Eran las seis de la tarde. Nos subimos todas a la furgoneta con Hashim. Mientras conducía, yo le miraba de perfil, esa profundidad en su mirada me era familiar. Me recordaba un poco a la mía. Será que en realidad podríamos ser primos lejanos.
Íbamos de camino hacia el desierto de Tamri, a menos de una hora en coche de Taghazout, al sur de Marruecos. En el trayecto hablamos un rato, pero cada vez bajamos un poco más la voz, hasta que se hizo el silencio unos minutos. Sólo observábamos por la ventanilla.
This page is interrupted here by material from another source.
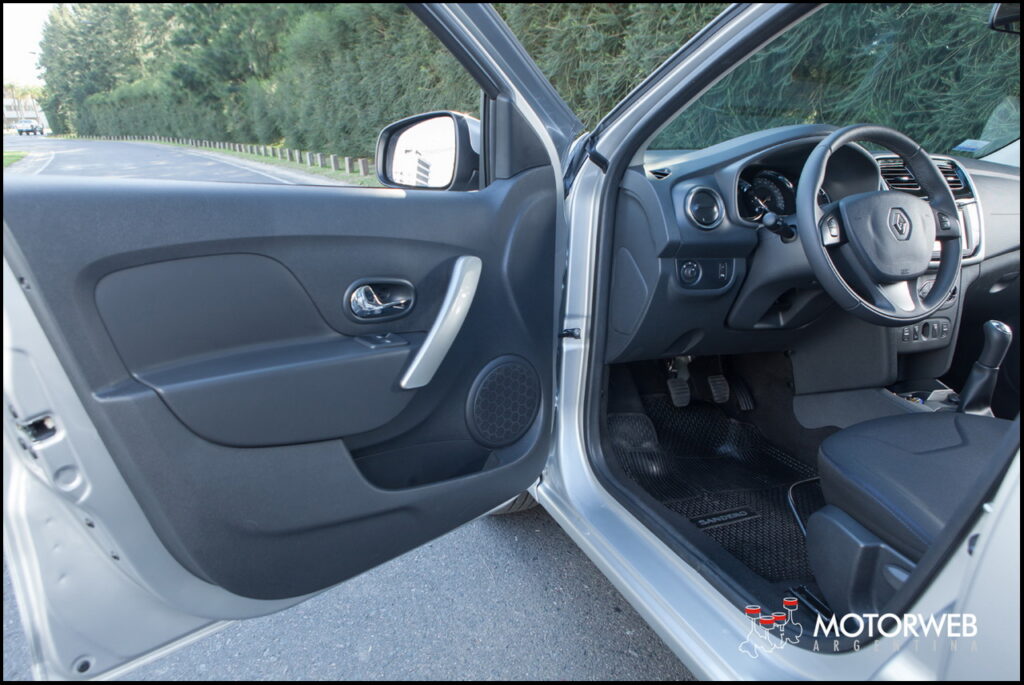 2015-09 TEST Renault Sandero Motorweb Argentina 69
Al llegar, bajamos de la furgoneta y comenzamos a caminar, sin más ruido que el puro viento, esperando ver atardecer, y soportando la arena golpeándonos la cara.
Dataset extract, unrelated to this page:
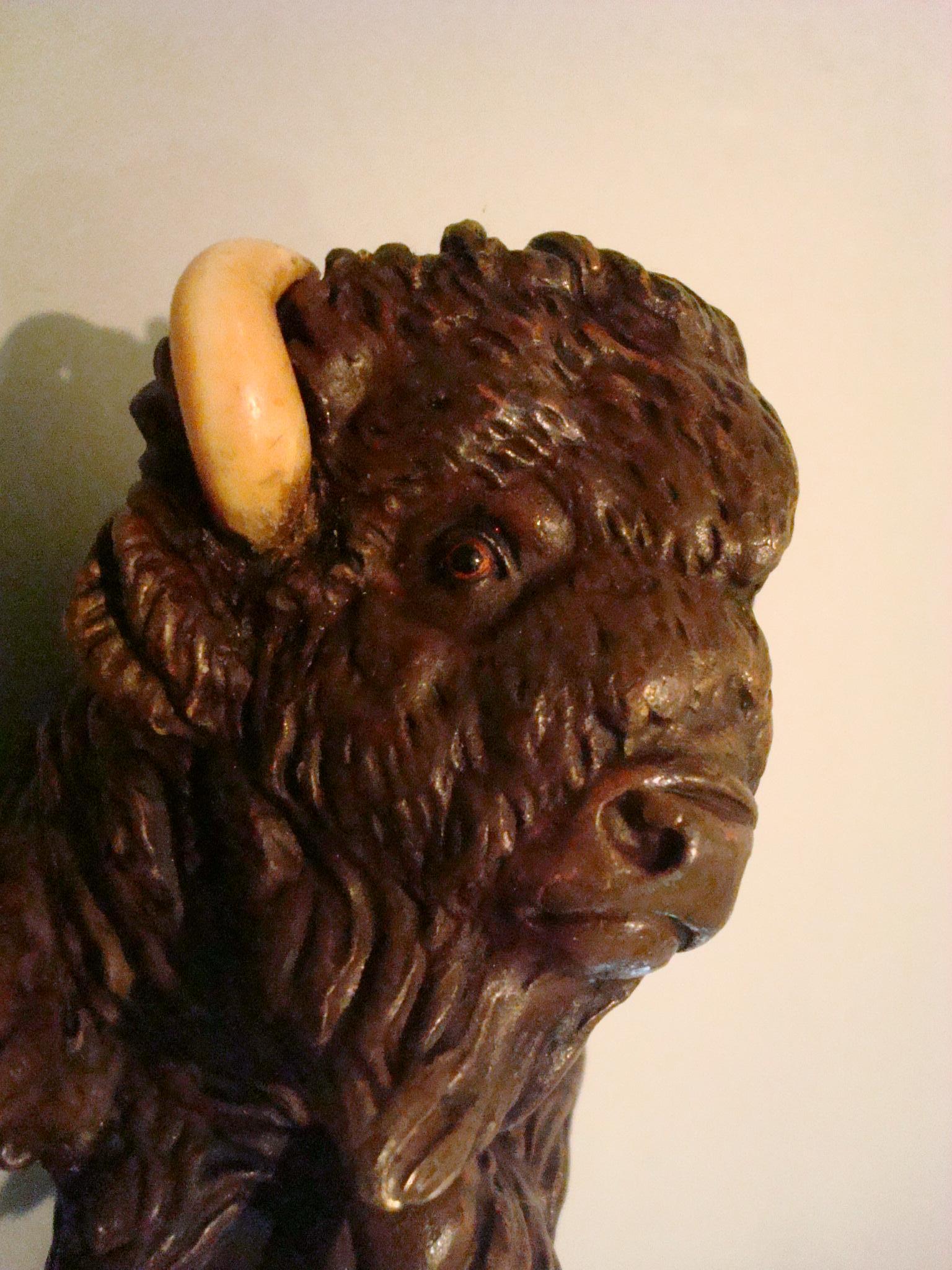 Sculpture de bonne qualité de la fin du 19e siècle représentant un bison, avec de fins détails finis à la main, rare en raison de sa grande taille. Sans marque, dans le style de Franz BERGMAN (1898-1963).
Entre el frío y los intentos de no caerme, sólo veía una duna tras otra. En un momento alzo la vista y ahí el océano. Jamás había visto un paisaje igual. Ni siquiera lo esperaba. Eso fue quizá lo que hizo aquel momento único.
El desierto parecía estático, pero era la fuerza del viento la que mantenía las curvas de las dunas.
El océano parecía tranquilo, pero miles de corrientes internas ordenaban sus movimientos.
Con un paso y otro, y uno más hacia delante, sin mucho rumbo ni pérdida, desapareció el sol cuando más grande se llegaba a ver, y fueron apareciendo la luna y las estrellas, una a una, sin oposición de ninguno de los elementos, sin sorpresa, solo en orden. Todo en orden.